Information.
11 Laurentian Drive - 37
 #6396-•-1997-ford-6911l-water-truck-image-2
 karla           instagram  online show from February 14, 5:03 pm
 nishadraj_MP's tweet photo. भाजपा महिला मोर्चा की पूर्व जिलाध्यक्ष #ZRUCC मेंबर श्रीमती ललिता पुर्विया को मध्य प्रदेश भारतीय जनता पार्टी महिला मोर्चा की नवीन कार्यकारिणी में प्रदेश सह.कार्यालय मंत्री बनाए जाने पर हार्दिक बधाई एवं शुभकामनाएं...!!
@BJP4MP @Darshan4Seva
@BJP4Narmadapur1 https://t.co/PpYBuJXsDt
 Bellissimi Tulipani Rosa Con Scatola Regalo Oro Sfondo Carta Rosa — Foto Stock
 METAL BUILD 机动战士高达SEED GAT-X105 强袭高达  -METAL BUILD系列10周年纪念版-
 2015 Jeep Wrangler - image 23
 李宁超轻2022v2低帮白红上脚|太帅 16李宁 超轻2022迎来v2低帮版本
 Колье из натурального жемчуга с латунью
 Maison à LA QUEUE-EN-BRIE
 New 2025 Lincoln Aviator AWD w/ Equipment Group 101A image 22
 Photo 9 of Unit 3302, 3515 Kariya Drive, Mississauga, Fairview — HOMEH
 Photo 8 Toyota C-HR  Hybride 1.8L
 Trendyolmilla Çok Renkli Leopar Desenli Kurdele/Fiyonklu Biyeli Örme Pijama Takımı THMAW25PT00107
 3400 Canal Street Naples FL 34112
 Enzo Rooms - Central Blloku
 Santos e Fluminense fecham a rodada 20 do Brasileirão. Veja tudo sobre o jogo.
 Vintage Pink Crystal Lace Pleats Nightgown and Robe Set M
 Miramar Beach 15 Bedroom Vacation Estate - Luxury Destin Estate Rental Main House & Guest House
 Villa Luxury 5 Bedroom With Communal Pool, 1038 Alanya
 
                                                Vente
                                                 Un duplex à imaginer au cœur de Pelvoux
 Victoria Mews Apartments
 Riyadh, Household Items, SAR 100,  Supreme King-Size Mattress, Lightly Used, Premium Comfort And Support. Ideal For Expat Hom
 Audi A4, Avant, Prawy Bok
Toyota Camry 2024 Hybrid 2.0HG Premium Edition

Exercise directions.
Repeat, with no changes, each line from the one with "Miramar Beach 15" to the end of the listing, including both ends and nothing else.

Expected answer.
 Miramar Beach 15 Bedroom Vacation Estate - Luxury Destin Estate Rental Main House & Guest House
 Villa Luxury 5 Bedroom With Communal Pool, 1038 Alanya
 
                                                Vente
                                                 Un duplex à imaginer au cœur de Pelvoux
 Victoria Mews Apartments
 Riyadh, Household Items, SAR 100,  Supreme King-Size Mattress, Lightly Used, Premium Comfort And Support. Ideal For Expat Hom
 Audi A4, Avant, Prawy Bok
Toyota Camry 2024 Hybrid 2.0HG Premium Edition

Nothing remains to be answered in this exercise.